== Segment start ==

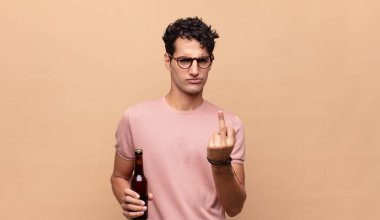 Bira içen genç adam kızgın, sinirli, isyankar ve agresif orta parmağını sallayarak karşılık veriyor.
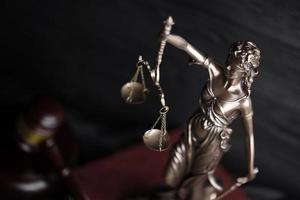 The Statue of Justice - lady justice or justitia the Roman goddess of Justice. Statue on brown book with judge gavel. Concept of judicial trial, courtroom process and lawyers work photo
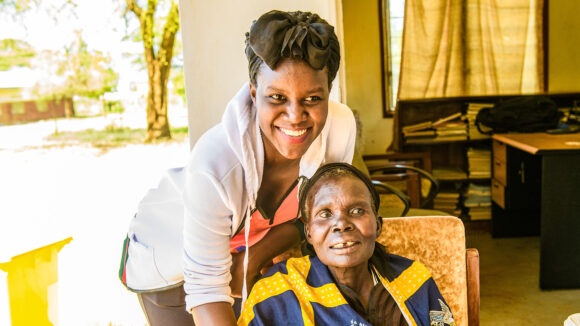 Gladys smiles while standing over an elderly woman who is sitting down.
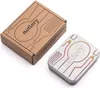 A cardboard box and a metal tin containing cutlery, both with branding and illustrations. Náhľad obrázku produktu
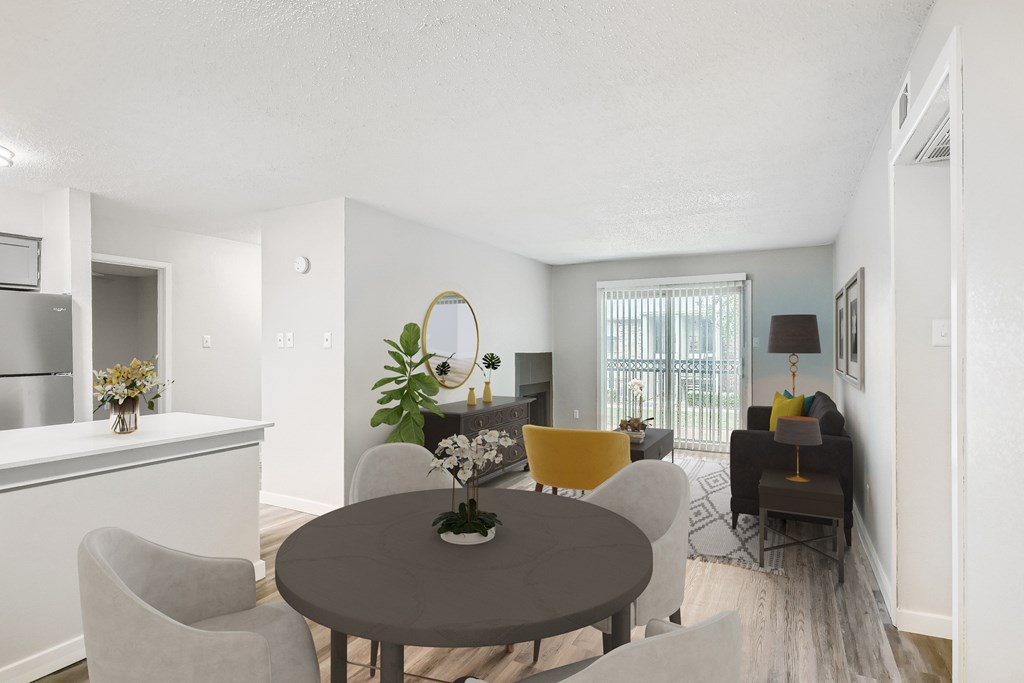 A modern dining room with a round table and grey chairs.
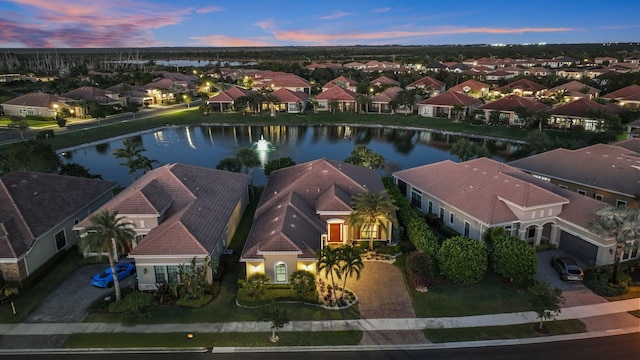 aerial view at dusk featuring a water view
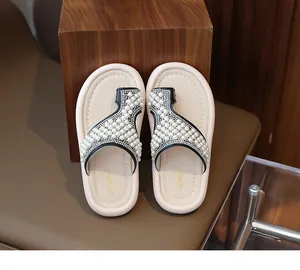 Primer plano de sandalias con perlas para niña con tiras adornadas con pedrería
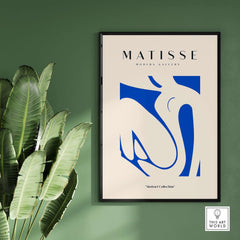Matisse Art Prints - Blue Nude Abstract Cut Out Wall Art displayed in a modern setting with greenery.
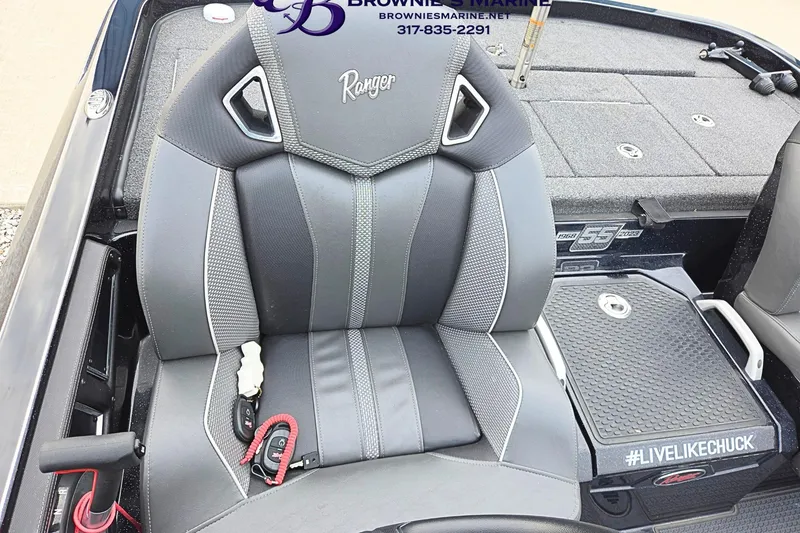 Slide: The Image of 2023 Ranger Z520R boat seat with gray upholstery and #LIVELIKECHUCK decal. - 10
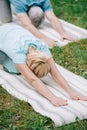 Man and woman practicing relaxation yoga poses on yoga mats in park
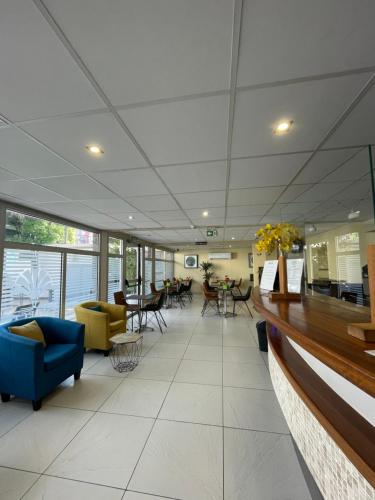 an office lobby with a blue couch and chairs at Hôtel Select - Réunion in Saint-Denis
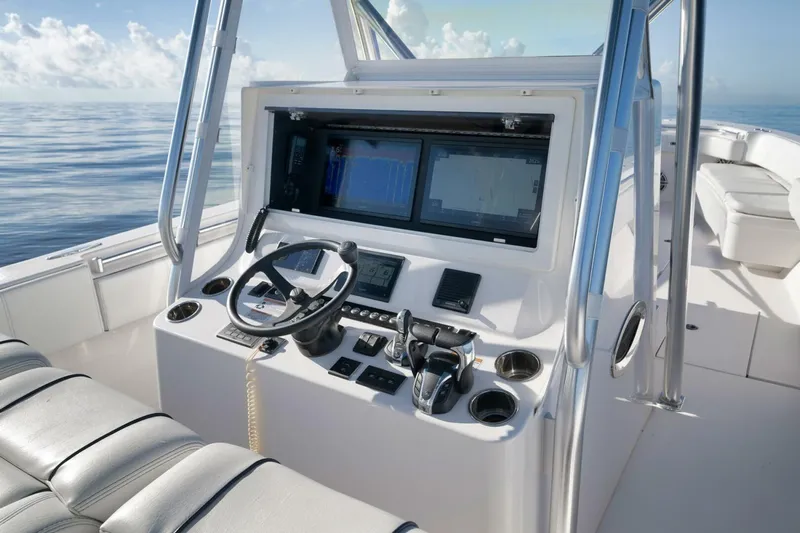 Top Shelf Too Yacht Photos Pics 2023 Contender 39 ST boat cockpit with modern controls and navigation screens.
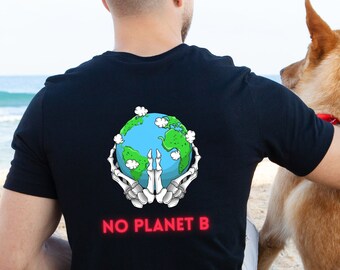 May include: A black t-shirt with a graphic of a skeleton hand holding a globe with the text "NO PLANET B" printed on the back. The person wearing the shirt is sitting on a beach with a dog.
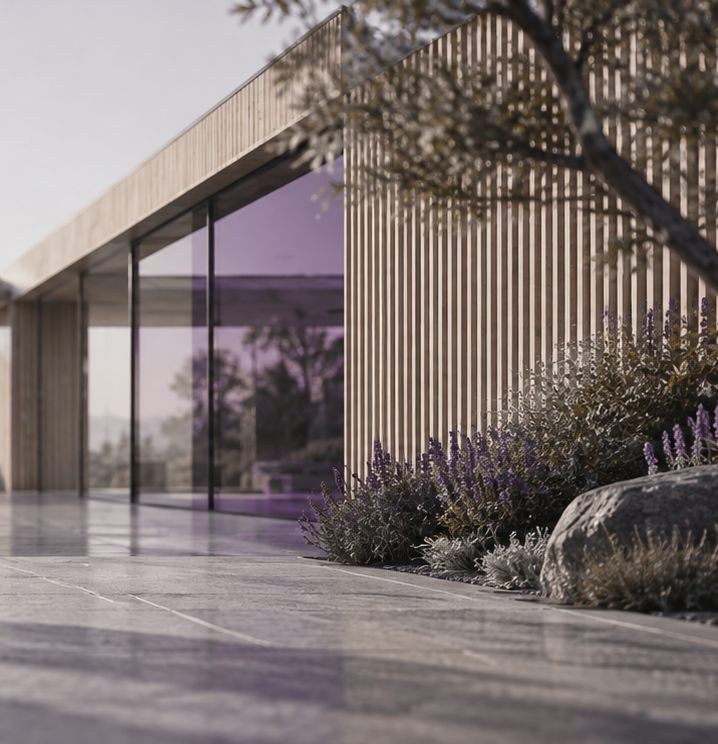 A timber and glass pavilion set into planting and stone paving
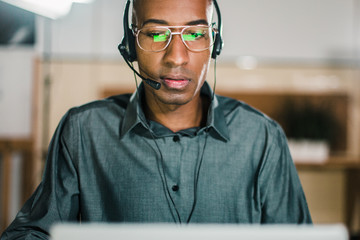 Concentrated call center operator talking with client. Front view of thoughtful call center...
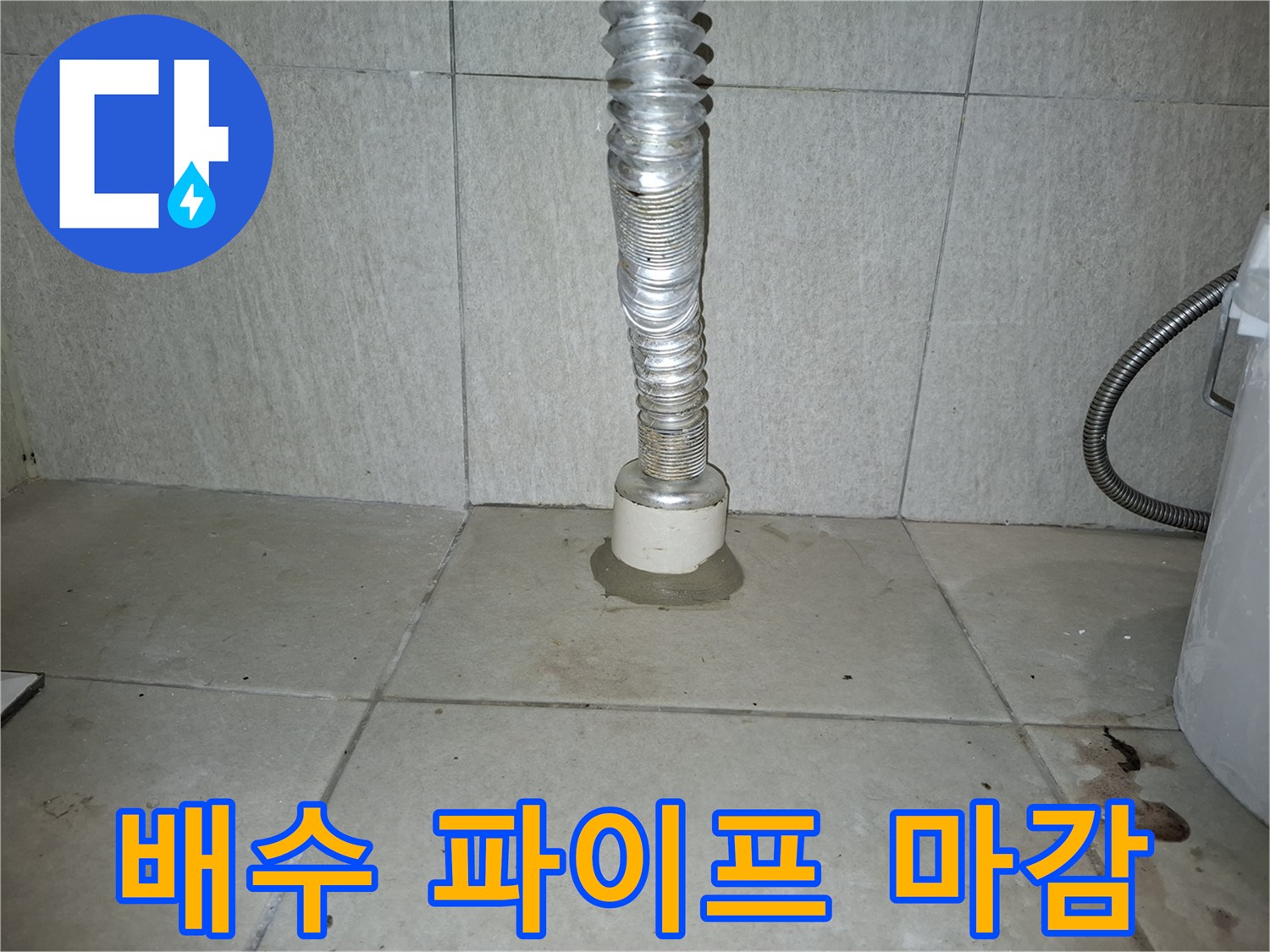 세탁실 배수관과 바닥 타일의 접합 상태를 촬영한 사진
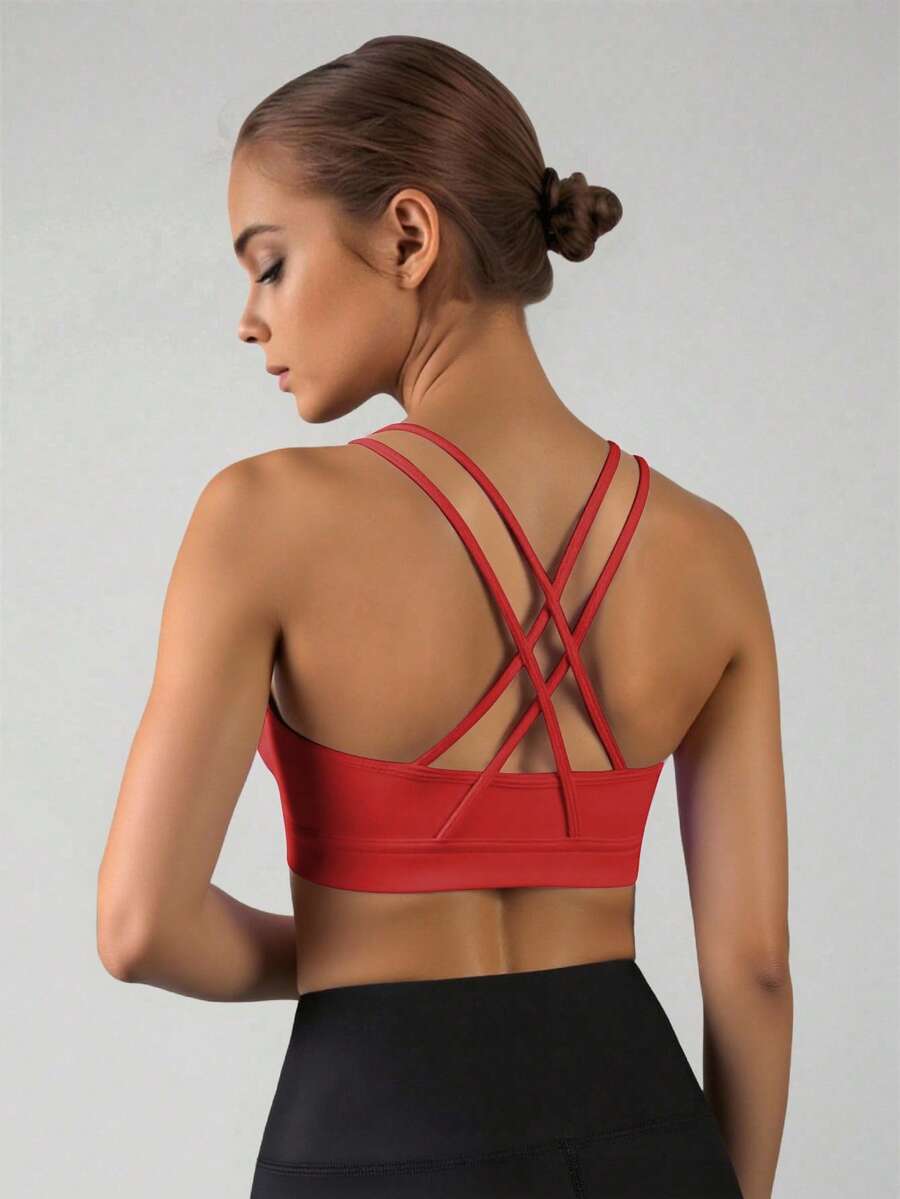 SHEIN Áo bra thể thao thấm hút mồ hôi dành cho bé gái tuổi teen, có đệm mút tháo rời, dây đeo chéo lưng, phù hợp cho yoga và các hoạt động thể thao. - Đỏ - Xem 1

== Segment end ==

To do: Would you return the records exactly, keeping out every picture?

The answer:
 Bira içen genç adam kızgın, sinirli, isyankar ve agresif orta parmağını sallayarak karşılık veriyor.
 The Statue of Justice - lady justice or justitia the Roman goddess of Justice. Statue on brown book with judge gavel. Concept of judicial trial, courtroom process and lawyers work photo
 Gladys smiles while standing over an elderly woman who is sitting down.
 A cardboard box and a metal tin containing cutlery, both with branding and illustrations. Náhľad obrázku produktu
 A modern dining room with a round table and grey chairs.
 aerial view at dusk featuring a water view
 Primer plano de sandalias con perlas para niña con tiras adornadas con pedrería
Matisse Art Prints - Blue Nude Abstract Cut Out Wall Art displayed in a modern setting with greenery.
 Slide: The Image of 2023 Ranger Z520R boat seat with gray upholstery and #LIVELIKECHUCK decal. - 10
 Man and woman practicing relaxation yoga poses on yoga mats in park
 an office lobby with a blue couch and chairs at Hôtel Select - Réunion in Saint-Denis
 Top Shelf Too Yacht Photos Pics 2023 Contender 39 ST boat cockpit with modern controls and navigation screens.
 May include: A black t-shirt with a graphic of a skeleton hand holding a globe with the text "NO PLANET B" printed on the back. The person wearing the shirt is sitting on a beach with a dog.
 A timber and glass pavilion set into planting and stone paving
 Concentrated call center operator talking with client. Front view of thoughtful call center...
 세탁실 배수관과 바닥 타일의 접합 상태를 촬영한 사진
 SHEIN Áo bra thể thao thấm hút mồ hôi dành cho bé gái tuổi teen, có đệm mút tháo rời, dây đeo chéo lưng, phù hợp cho yoga và các hoạt động thể thao. - Đỏ - Xem 1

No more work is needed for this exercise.